When Donald Trump visited flood-ravaged Louisiana last week, he promised a $100,000 donation to a Baton Rouge church—specifically, the Baton Rouge church of anti-LGBT hate group leader Tony Perkins. Because let's face it, Donald Trump isn't going to cut a check to anyone who can't do him a few favors in return, flood or no flood.
That check has yet to arrive, and it's unclear if Donald Trump himself will be donating even a dime.
Perkins said Tuesday that Trump's gift had not yet been paid.
"I've been told the church should [receive] it on Friday," he wrote in an email to The Post. Perkins said he was unsure whether Trump planned to make the donation out of his own pocket, or perhaps from the Donald J. Trump Foundation — a nonprofit group that is largely filled with other donors' money, not Trump's own.
Hope Hicks, a spokeswoman for Trump's presidential campaign, did not respond to questions about this promise.
The campaign is also clamming up about two other supposed charitable gestures from Trump’s trip. His Louisiana state director claimed that Trump had donated a truckload of relief supplies. As it turns out, nobody can verify that and the campaign isn't talking. And the Louisiana governor specifically asked Trump to give a donation to the Louisiana Flood Relief Fund before his visit; his campaign isn't saying whether he did that either.
This is really the easiest possible goodwill effort Donald Trump could possibly make.
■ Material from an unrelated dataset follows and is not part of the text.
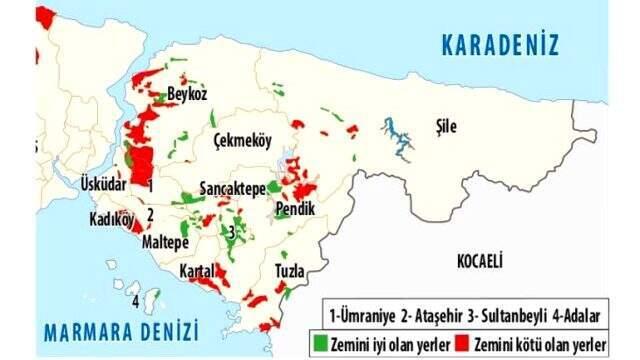 İstanbul'un riskli ve sağlam zeminlerinin detaylı haritası çıkarıldı: En riskli ilçe Silivri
Flood victims need money. Donald Trump is known for one thing and one thing only: having plenty of it. One would presume a man who says he's worth $10 billion would be eager to show what a kind and decent soul he was during a run for the presidency that isn't going so well—even if he couldn't bring himself to donate to anybody other than a hate group leader.
And yet the campaign is keeping mum on it? Huh.